O reparador respondeu publicamente: “O proprietário de um iPhone não é autônomo na decisão de onde reparar os equipamentos que possui? […] Neste mundo tão saturado de lixo eletrônico, oferecer uma alternativa para dar vida a um aparelho e evitar que ele seja jogado no lixo e polua é errado?”, expressou em suas redes.
Becerra esclareceu que há muito deixou de usar a imagem da Apple, que não se passava por um serviço autorizado e que não deixaria de fazer o seu trabalho. A briga do colombiano com a gigante tecnológica destacou a demora do país em regulamentar o direito à reparação.
Estados Unidos e Europa já enfrentam a obsolescência programada, técnicas que alguns fabricantes utilizam para limitar a vida útil dos produtos. O presidente norte-americano, Joe Biden, assinou uma ordem executiva em meados de 2021 para exigir que empresas de tecnologia como a Apple disponibilizassem manuais, peças e ferramentas aos usuários para fazerem reparos. Nesse mesmo ano, a União Europeia ordenou a disponibilidade de peças sobressalentes durante 10 anos e planeja obrigar as empresas a realizar reparações diretamente ou através de terceiros.
“É uma questão de consumismo. Grandes fabricantes limitam a vida útil dos componentes para continuarem fabricando mais. No final quem perde é o usuário porque antes comprava um aparelho que durava 20 anos. Agora com o telefone eles pegam o 15 e já falam que o 14 é velho”, diz Becerra.
Uma iniciativa da senadora liberal Laura Fortich para proteger os direitos do consumidor poderia abrir caminho no Congresso colombiano. Se aprovada, a lei obrigaria os produtores e comerciantes a reportar a vida útil e a disponibilidade de peças sobressalentes para dispositivos eletrônicos. Também concederia poderes sancionatórios à Superintendência da Indústria e Comércio.
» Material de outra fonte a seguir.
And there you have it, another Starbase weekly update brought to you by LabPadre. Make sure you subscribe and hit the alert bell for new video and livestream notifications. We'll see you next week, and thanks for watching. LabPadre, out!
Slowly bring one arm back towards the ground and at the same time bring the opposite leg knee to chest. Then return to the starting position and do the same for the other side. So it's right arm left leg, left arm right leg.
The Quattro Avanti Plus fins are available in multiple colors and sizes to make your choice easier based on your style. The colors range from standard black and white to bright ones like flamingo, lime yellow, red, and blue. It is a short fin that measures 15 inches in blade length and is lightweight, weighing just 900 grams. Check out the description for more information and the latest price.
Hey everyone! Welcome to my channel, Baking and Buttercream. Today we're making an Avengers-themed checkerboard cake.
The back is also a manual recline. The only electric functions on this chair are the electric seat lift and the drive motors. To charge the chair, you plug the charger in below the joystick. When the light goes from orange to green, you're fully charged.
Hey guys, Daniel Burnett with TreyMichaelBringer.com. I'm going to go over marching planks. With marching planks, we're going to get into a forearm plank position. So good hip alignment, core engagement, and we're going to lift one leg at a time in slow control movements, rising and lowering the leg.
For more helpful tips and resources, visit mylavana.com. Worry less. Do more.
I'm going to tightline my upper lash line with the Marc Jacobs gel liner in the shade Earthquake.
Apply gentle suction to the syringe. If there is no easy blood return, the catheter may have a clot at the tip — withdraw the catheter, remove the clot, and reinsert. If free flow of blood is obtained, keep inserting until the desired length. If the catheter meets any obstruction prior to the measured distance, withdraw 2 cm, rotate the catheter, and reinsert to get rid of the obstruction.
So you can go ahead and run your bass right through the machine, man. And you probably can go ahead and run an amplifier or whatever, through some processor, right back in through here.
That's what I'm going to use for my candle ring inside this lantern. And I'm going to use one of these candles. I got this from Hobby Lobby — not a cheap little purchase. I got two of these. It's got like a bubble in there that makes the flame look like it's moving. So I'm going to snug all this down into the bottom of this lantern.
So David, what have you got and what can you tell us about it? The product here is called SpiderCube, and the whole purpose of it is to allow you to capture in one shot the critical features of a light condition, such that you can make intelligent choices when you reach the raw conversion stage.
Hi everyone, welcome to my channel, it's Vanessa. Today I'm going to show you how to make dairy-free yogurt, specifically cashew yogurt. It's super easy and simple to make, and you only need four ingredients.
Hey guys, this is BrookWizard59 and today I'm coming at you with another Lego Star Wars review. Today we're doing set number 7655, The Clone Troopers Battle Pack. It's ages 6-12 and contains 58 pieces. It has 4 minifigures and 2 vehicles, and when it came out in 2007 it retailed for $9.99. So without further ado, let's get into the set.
Além de proteger o bolso, a regulamentação é necessária para mitigar o impacto ambiental e prevenir riscos à saúde devido ao conteúdo de substâncias perigosas como o mercúrio. De acordo com o relatório Global E-waste Monitor 2020 das Nações Unidas, em 2019 foi alcançado o recorde mundial de geração de resíduos eletrônicos com 53,6 milhões de toneladas, um peso superior ao de todos os adultos na Europa. O relatório prevê que resíduos como ouro, prata, cobre, platina e outros materiais recuperáveis totalizarão 74 milhões de toneladas em 2030, duplicando em apenas 16 anos.
“Isto implica que são a categoria de resíduos domésticos que mais cresce em todo o mundo, impulsionados pelo aumento do consumo de equipamentos elétricos e eletrônicos, ciclos de vida mais curtos e poucas opções de reparação”, indica o estudo.
O professor de mudanças climáticas da Universidade Javeriana de Bogotá, Camilo Prieto, alerta que de todos os materiais extraídos, apenas 9% são recuperados anualmente, número associado à obsolescência planejada que exige maior demanda por componentes nas cadeias produtivas e que aumenta a pegada de carbono.
“Isso faz com que as pessoas exijam cada vez mais equipamentos, gerando pressão para uma maior demanda por mineração de metais e dispositivos de enorme impacto ambiental. É uma questão que o mundo deveria pensar como um grave problema ambiental”, afirma o especialista.
Depois de trocar cartas com representantes da Apple, nas quais Becerra propôs uma aliança para oferecer reparos de qualidade a milhares de usuários, o empresário agora poderá ter acesso a peças de reposição diretamente na Colômbia. Antes ele tinha que adquiri-las nos Estados Unidos, muitas vezes com restrições de importação, ou reaproveitá-las de outros equipamentos da mesma marca.
“Os eletrodomésticos que nossos pais ou avós tinham duravam muito tempo. Pelo menos me lembro que minha mãe tinha uma geladeira, e ela durou uns 30 anos. Agora estou casado há 15 anos e tive cerca de quatro geladeiras porque elas não duram. Não é conveniente para o fabricante ter um produto de longa duração, nem para o consumidor poder mantê-lo para vender mais”, lamenta Becerra.
El País contatou a empresa Baker McKenzie da Colômbia. O escritório informou que não está autorizado a comentar o caso.